• _Short descriptive text snippets_
BEGIN

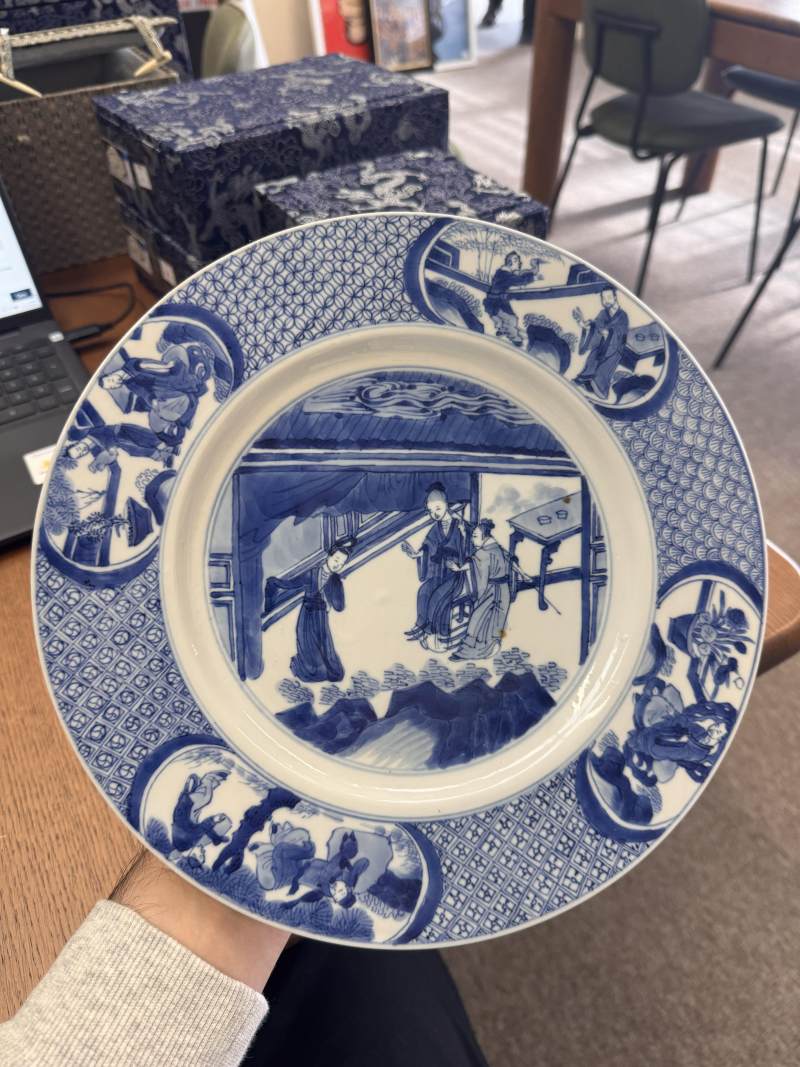 清康熙 青花人物圖盤 《大清康熙年製》款 | Santos Collection | A fine Chinese blue and white 'figural' dish, Qing dynasty, Kangxi mark and of the period - 图9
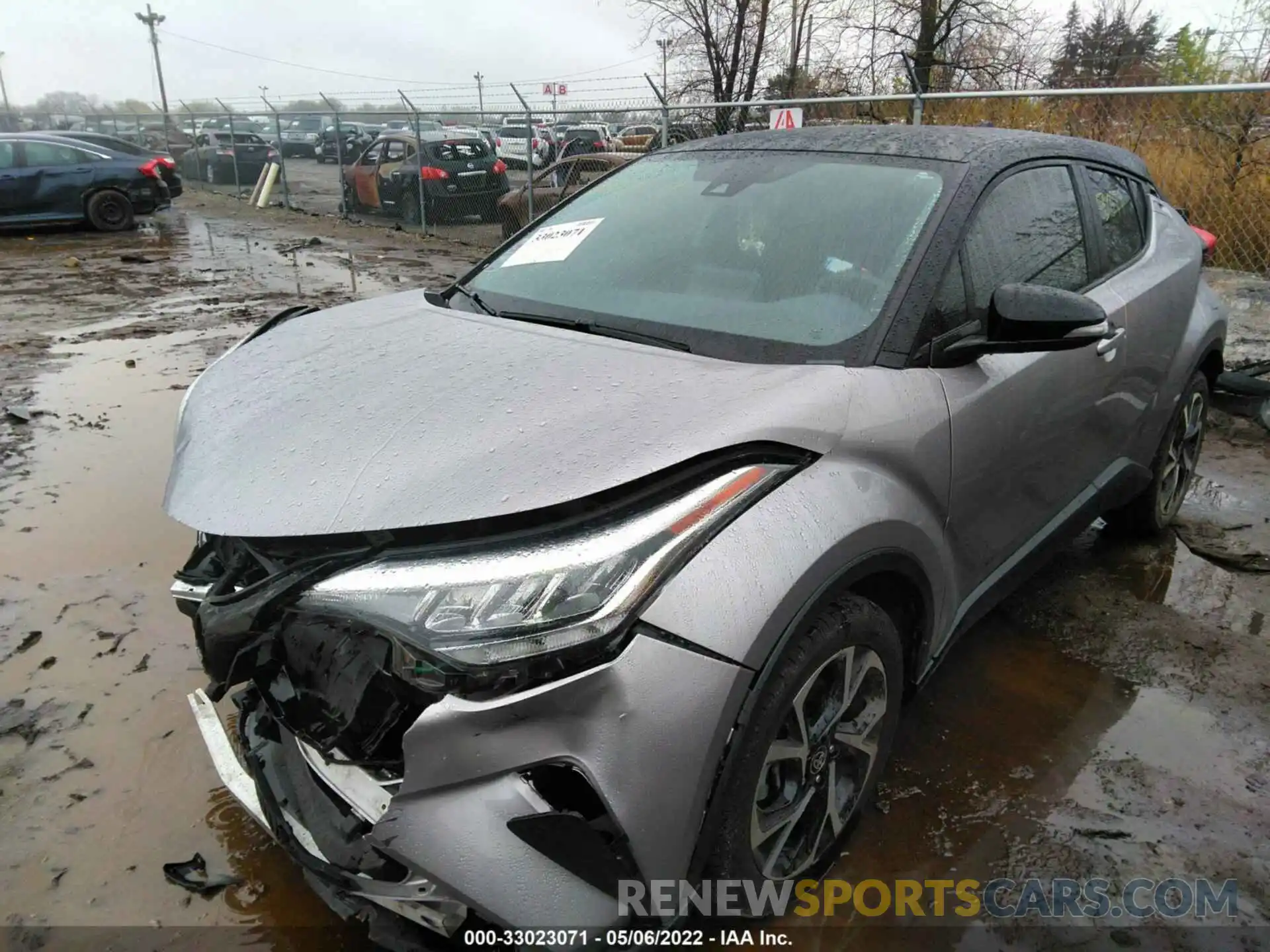 2 Photograph of a damaged car JTNKHMBX2L1075747 TOYOTA C-HR 2020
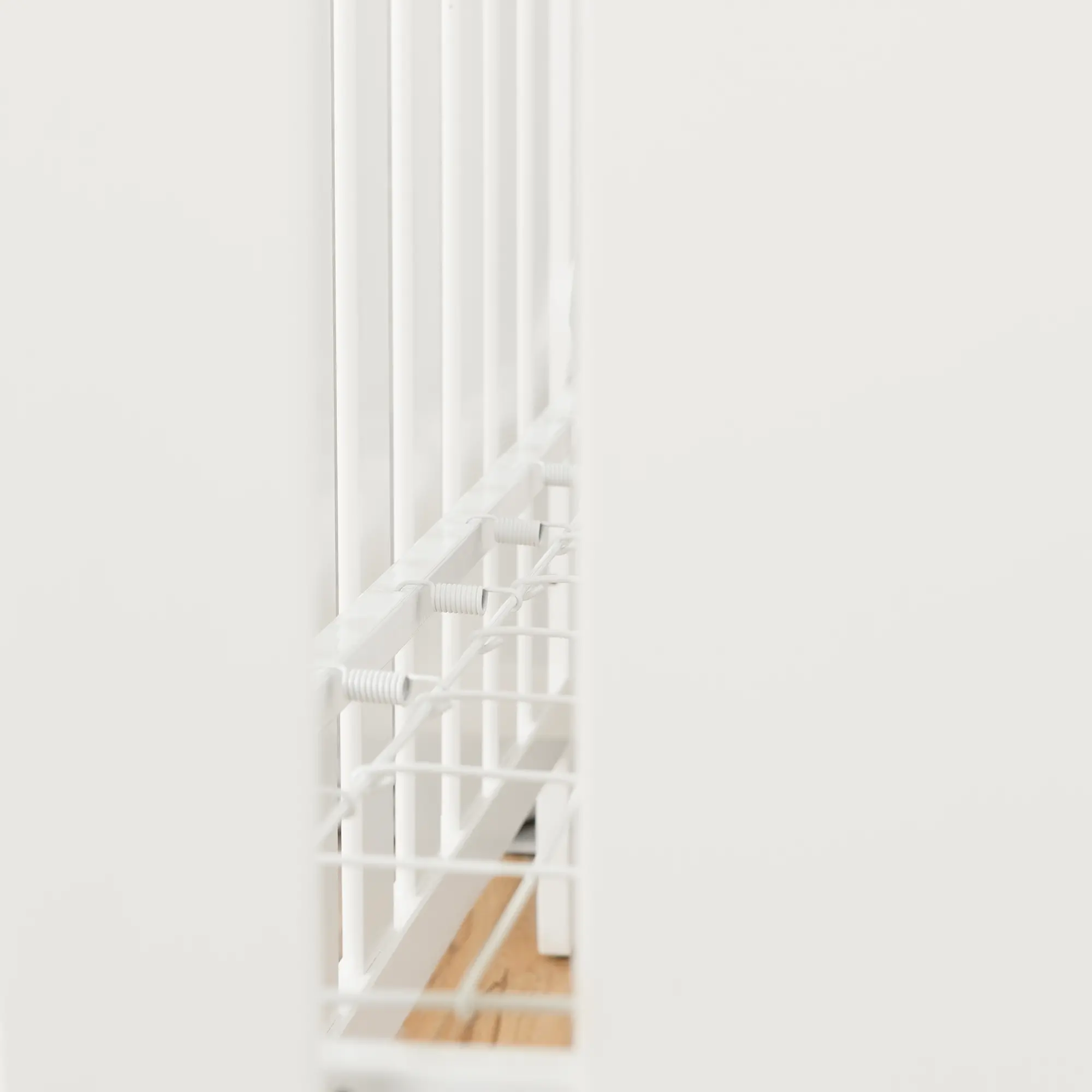 12533 Contemporary White 3-in-1 Convertible Crib - Reevo-4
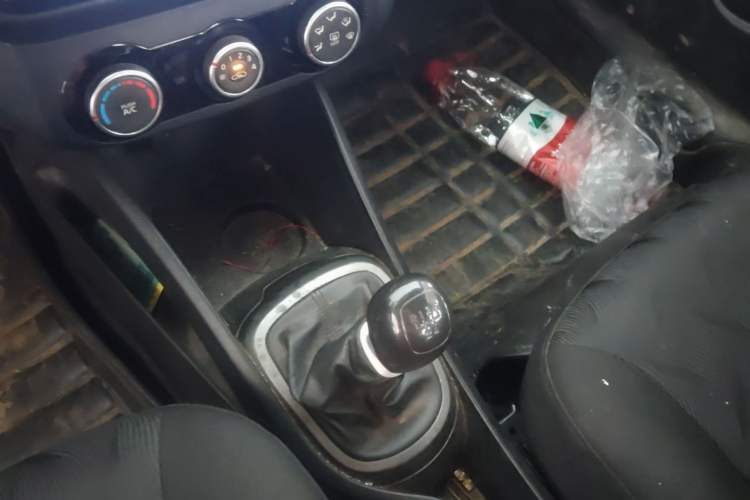 Used Kia K2 2015 Sedan 1.4L MT GLS Gear Lever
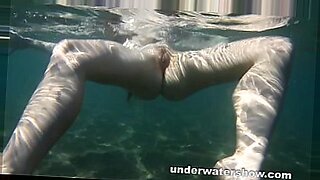sex under water swimming pool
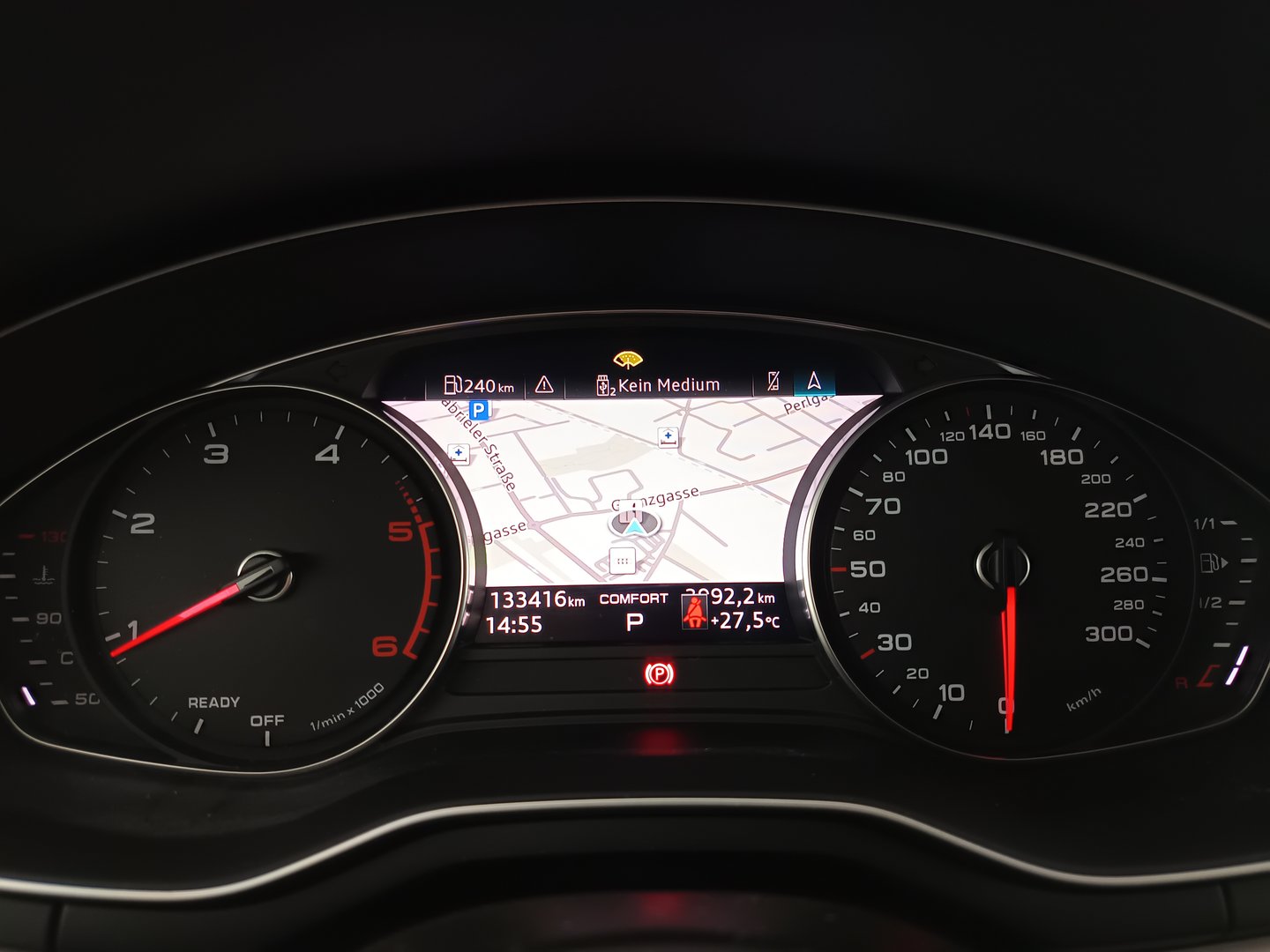 Audi A4 Avant 40 TDI advanced | Bild 15 von 34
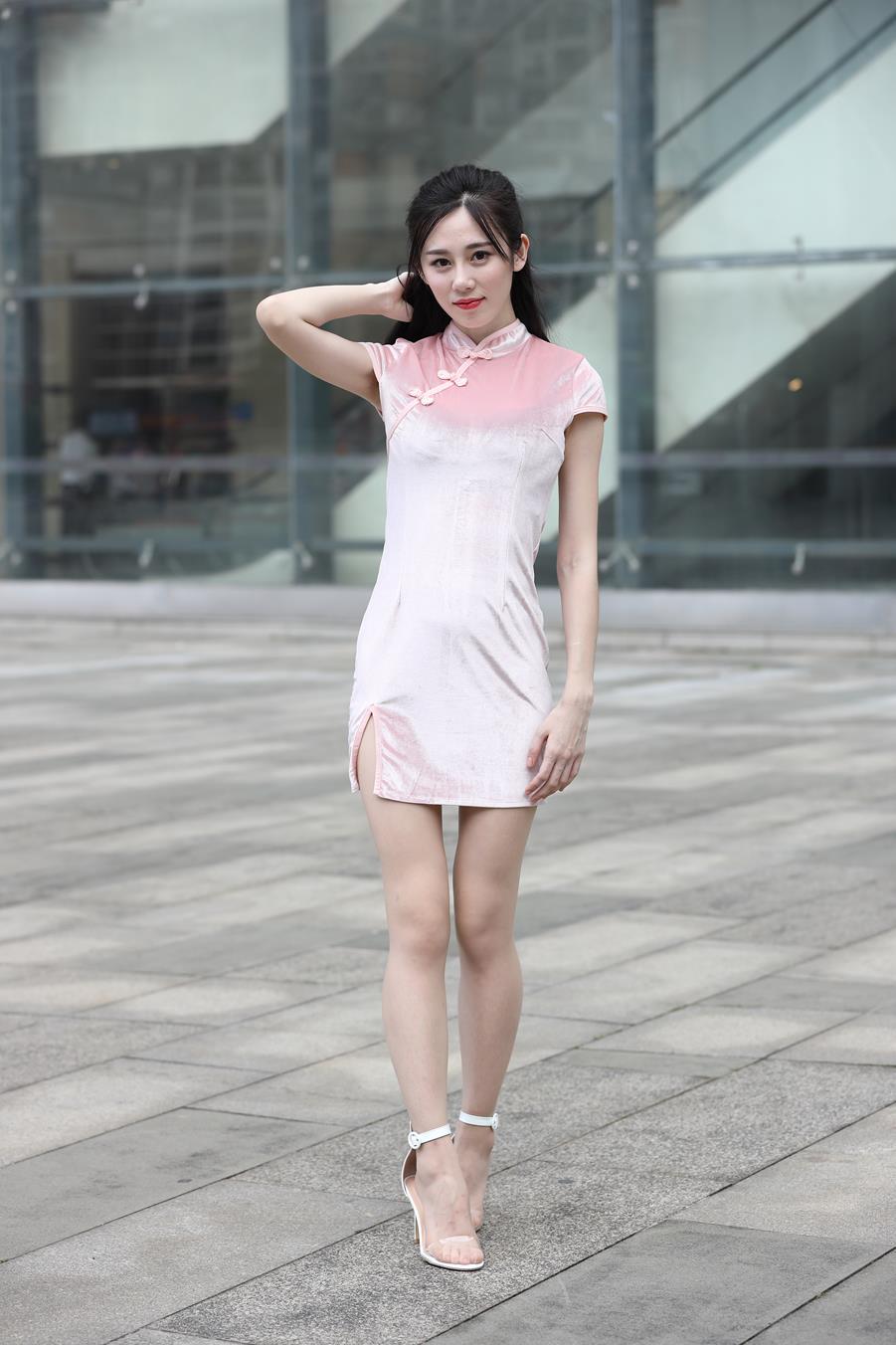 魔镜街拍粉色连衣裙妹字肉丝凉高跟[185P/4V/7.3G]插图3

END

• _WHAT YOU SHOULD DO_
Both ends included, copy the lines from the one holding "sex under water swimming pool" to the last line of the entries exactly, with all pictures left out.

• _TASK ANSWER_
sex under water swimming pool
 Audi A4 Avant 40 TDI advanced | Bild 15 von 34
 魔镜街拍粉色连衣裙妹字肉丝凉高跟[185P/4V/7.3G]插图3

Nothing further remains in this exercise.